59 I do not accept that Mr Magid refused consent to the assignment to Manly Cove because he wanted to have as a tenant of his own choosing a “first class operator”, meaning a tenant with retailing skills superior to those of Harbourside. He acknowledged to Mr Comparot-Belin in the 7 March meeting that TMG could not refuse consent to an assignee who was not inferior in skills to Harbourside. His reference to a “first class operator” was the expression of an understandable wish, not a statement of an intended course of action on TMG’s part.
60 As at 7 March 2005, no one other than Manly Cove had appeared to be interested in purchasing Harbourside’s restaurant business. It would make no commercial sense to continue indefinitely with Harbourside as “an unhappy tenant” in the hope that, at some time in the future, a “first class operator” would turn up.
61 I am not satisfied that the refusal of TMG to the assignment to Manly Cove on 11 March 2005 was actuated by any motive or purpose extraneous to a proper consideration of s 39(1)(b) RLA. I hold that the refusal of consent was valid.
The “second refusal”
62 By letter dated 21 March 2005 to TMG, Harbourside’s solicitors invited TMG to reconsider its refusal of consent to the assignment. In support of that invitation, the letter referred to the financial resources of Manly Cove’s directors and placed emphasis on the “retailing skills” of Messrs Comparot-Belin and Frauenstein.
63 In respect of Mr Comparot-Belin, the letter gave no more information about his background and experience than Mr Comparot-Belin himself had given to Mr Magid in the meeting of 7 March. However, the letter contained the statement that Mr Comparot-Belin had established successful restaurants in three hotel chains “and for a number of years has been responsible for the ongoing management of those restaurants”. Mr Comparot-Belin said in cross examination that the statement was not true.
64 The letter also stated that Mr Frauenstein had “operated a number of restaurants”. Again, Mr Comparot-Belin said that that statement was not true.
65 The letter stated that Manly Cove “will be hiring a highly qualified chef who has over fifteen years experience working in international hotels and fine dining restaurants such as [four well known Sydney restaurants were named] together with appropriately qualified staff to conduct operations at the restaurant”. The identity of the “highly qualified chef” was not revealed. The letter concluded by advising that unless consent to the assignment was given within three days proceedings would be commenced in the ADT to compel the giving of consent.

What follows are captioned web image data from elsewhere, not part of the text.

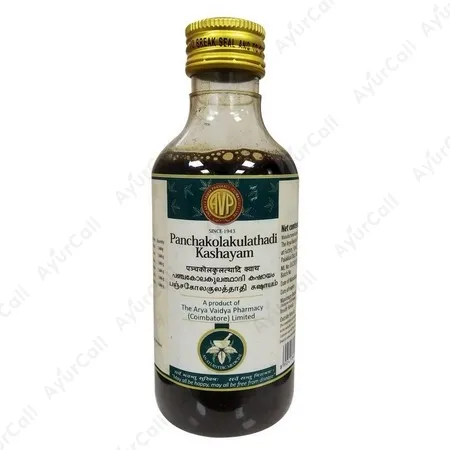 AVP Panchakolakulathadi Kashayam (200 ML)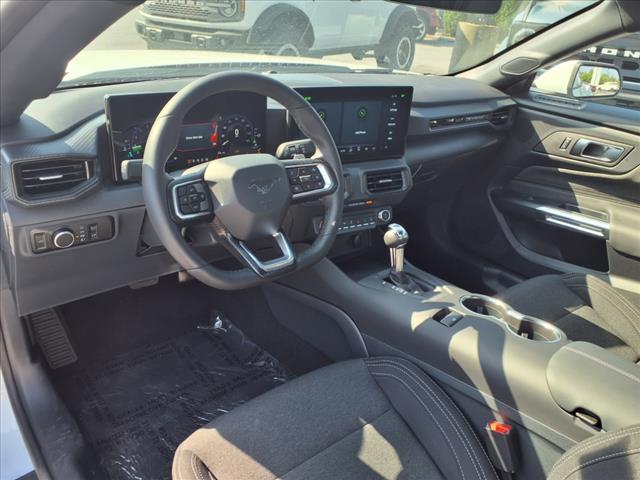 new 2025 Ford Mustang car, priced at $45,887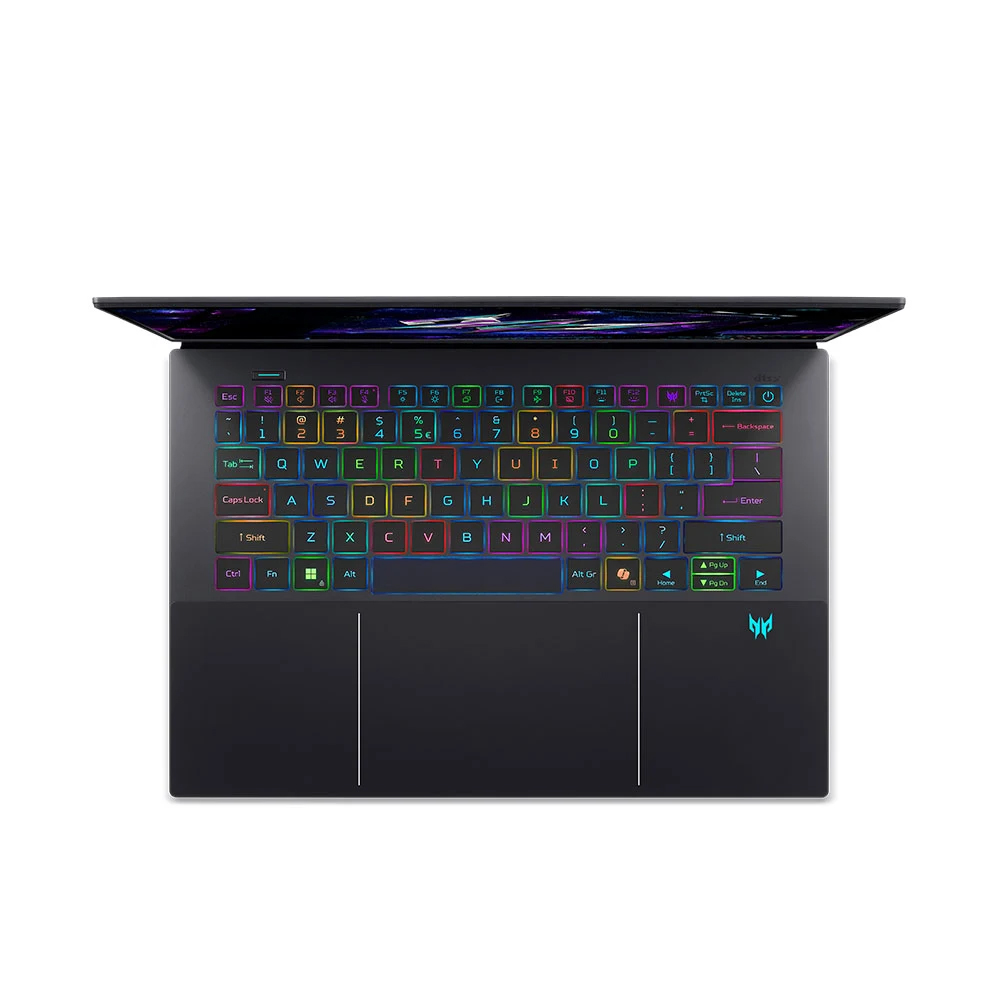 Laptop Acer Predator Triton 14 AI PT14-52T-99TU NH.U0GSV.001 (Thông số: Intel Core Ultra 9 processor 288V | RTX 5070 | 14.5 inch 2.8K OLED 120Hz | Cảm ứng |Ram 32GB |SSD 2TB | Win 11 | Đen) ảnh 4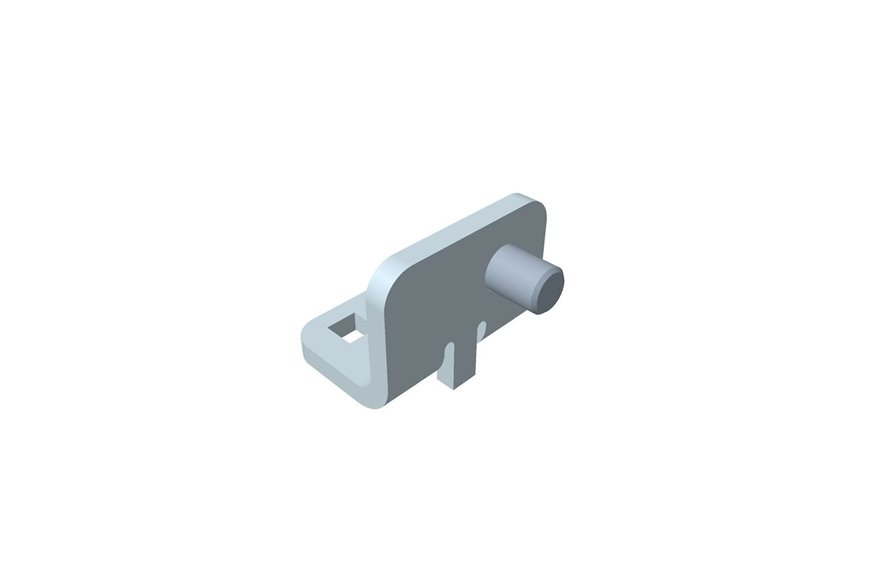 Rh Pivot Tab Asm - Originale Toro - 119-8718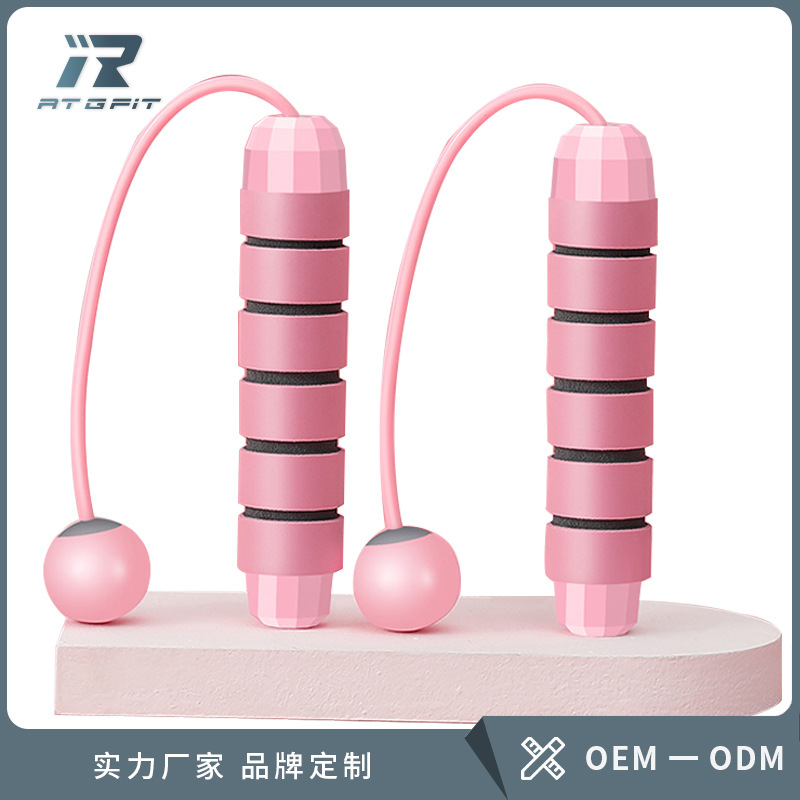로딩 로프 건너 뛰기 마카롱 무선 이중 목적 와이어 로프 피트니스 체중 감량 스포츠 스포츠 용품 무선 로프 건너 뛰기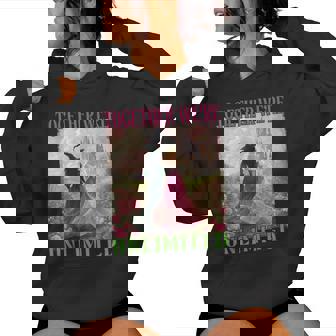 Together Witches Unlimited Pink Green Witch Halloween Women Women Hoodie - Monsterry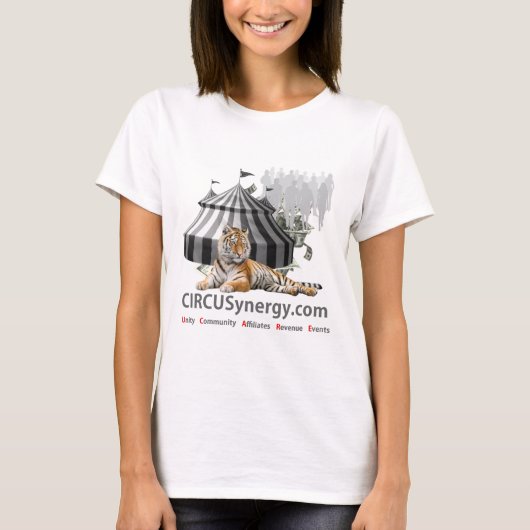 CIRCUSynergy - T-Shirts - Gals (Voorkant)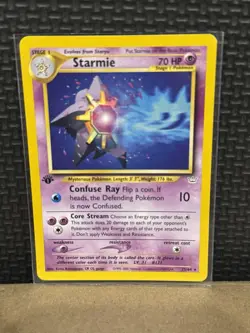 2001 Pokemon Neo Revelation - 1st Edition - Starmie 25/64 - Ungraded - Image 1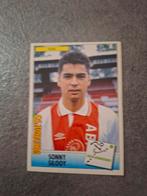Panini sticker Voetbal 93. Speler Sonny Silooy Ajax., Verzenden, Zo goed als nieuw, Sticker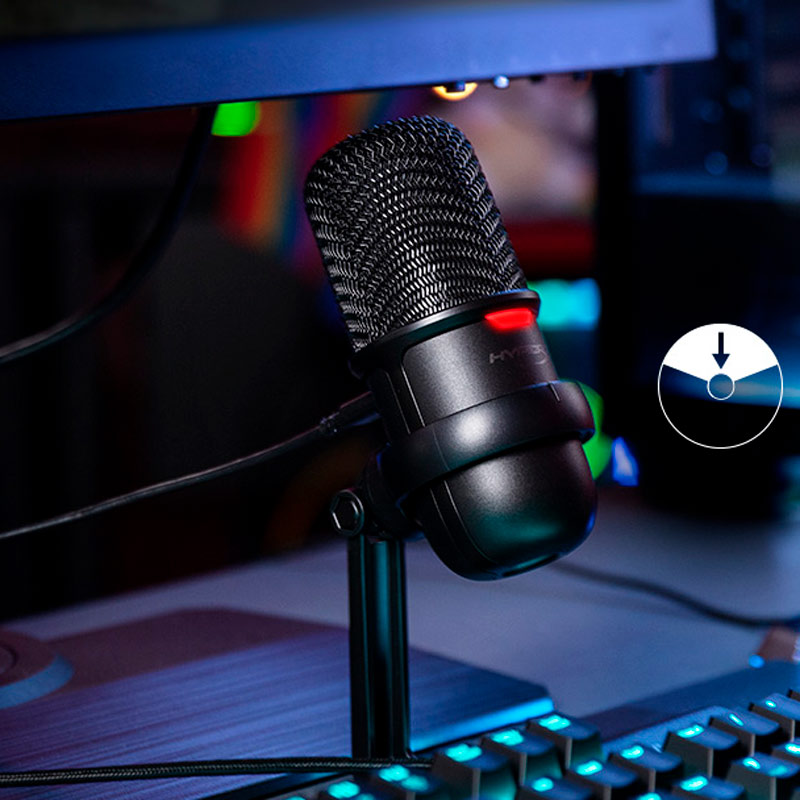 میکروفون رومیزی HyperX Solocast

66 On 30 March, Harbourside’s solicitors wrote confirming advice from TMG’s solicitors that Mr Magid was interstate and unable to give instructions, and that Mr Ramirez was not authorised to make a decision in Mr Magid’s absence. Nevertheless, Harbourside’s solicitors advised that they took TMG’s position to be a refusal to consider the request for consent and that they would be commencing proceedings in the ADT.
67 On 22 April, after Harbourside had commenced proceedings in the ADT, TMG’s solicitors advised the registrar of the ADT of the grounds upon which TMG had refused consent. Harbourside alleges that this letter constituted a second refusal of consent for the purposes of s 39(1) RLA, and that this refusal was not justified because:
– even if Manly Cove did not have equal retailing skills, nevertheless the exercise of TMG’s entitlement to refuse consent was unconscionable conduct and in bad faith, since it was actuated by malice and by a desire to extract from Harbourside, as a condition of the consent, a favourable settlement of the District Court proceedings and from Harbourside or Manly Cove a payment which was “key money”, as defined by the RLA.
– Manly Cove in fact had retailing skills which were not inferior to those of Harbourside;
68 The motives ascribed to TMG are said to be revealed by discussions between the parties which occurred between 5 April and 21 April. It is therefore necessary to go into these discussions in a little detail.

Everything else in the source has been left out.